-- Brief --
Leave the pictures out and repeat the rest of the data below exactly.

-- Material provided --
:::::
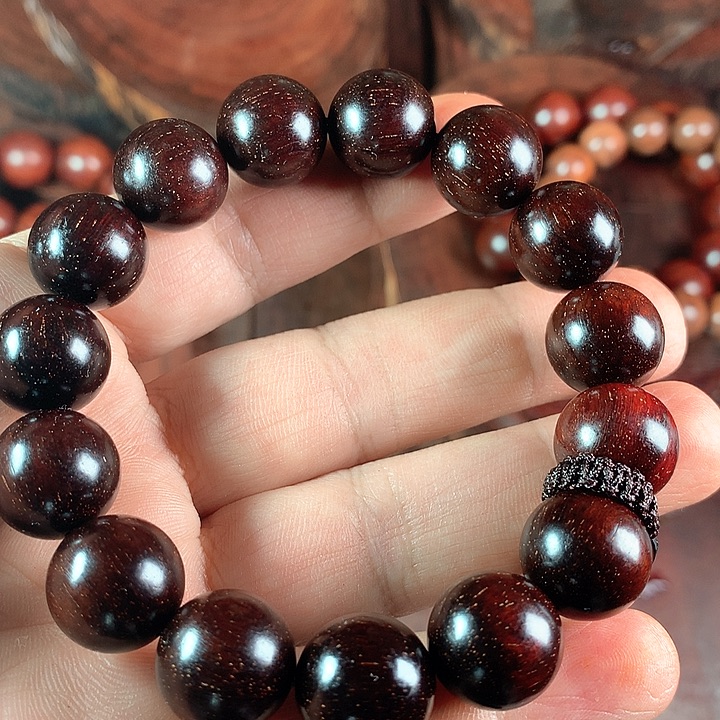 檀香紫檀（小叶紫檀）不****春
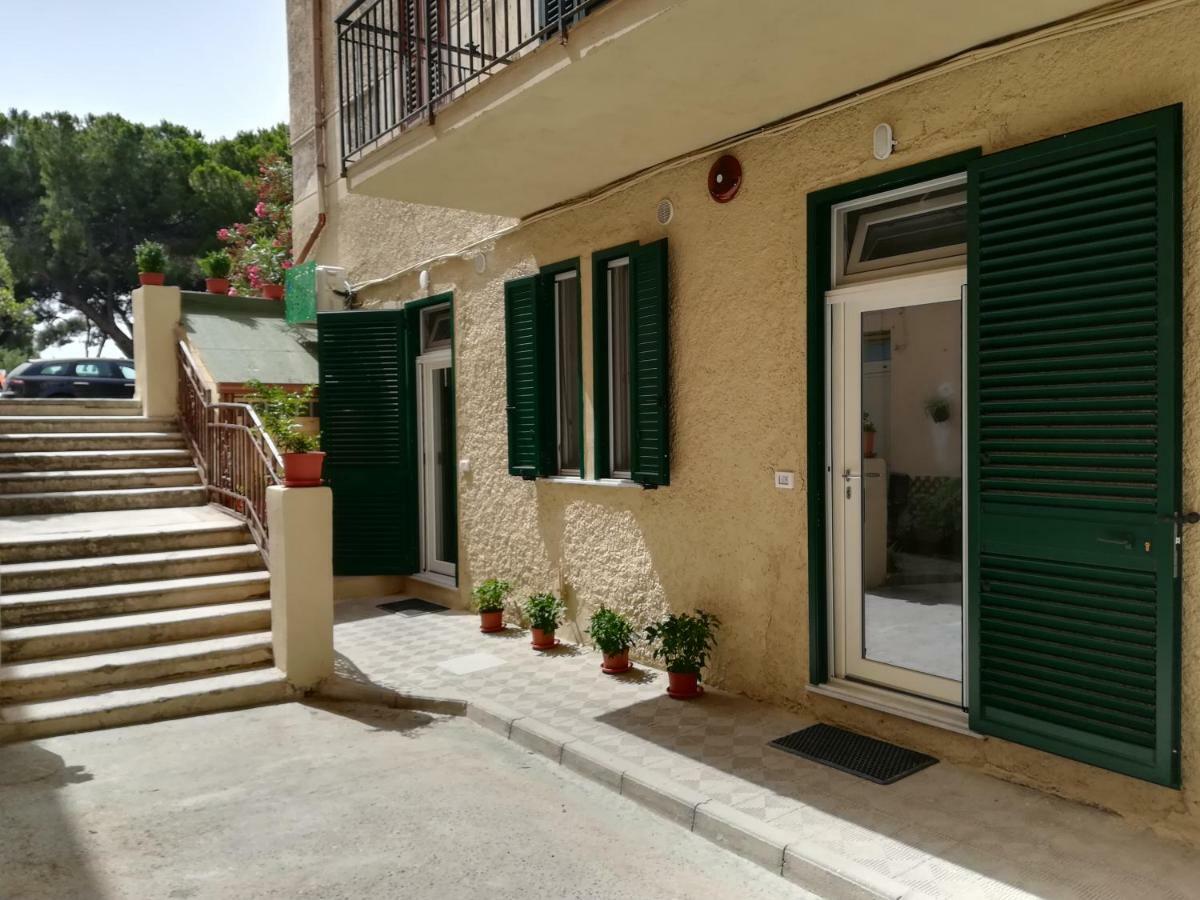 Guest House B&B Via Marina Reggio di Calabria Buitenkant foto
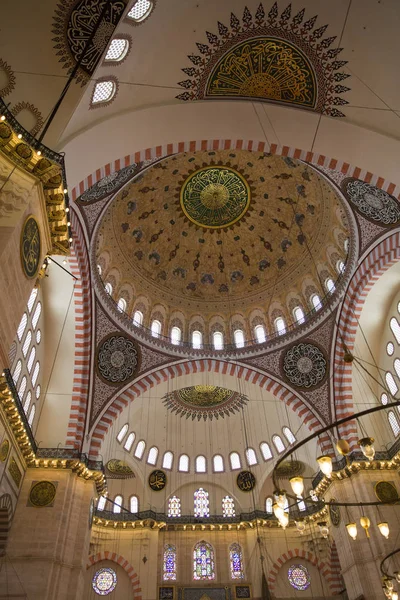 苏莱曼清真寺内部 苏莱曼耶 土耳其伊斯坦布尔宏伟的16世纪清真寺 — 图库照片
:::::
-- Written answer --
 檀香紫檀（小叶紫檀）不****春
 Guest House B&B Via Marina Reggio di Calabria Buitenkant foto
 苏莱曼清真寺内部 苏莱曼耶 土耳其伊斯坦布尔宏伟的16世纪清真寺 — 图库照片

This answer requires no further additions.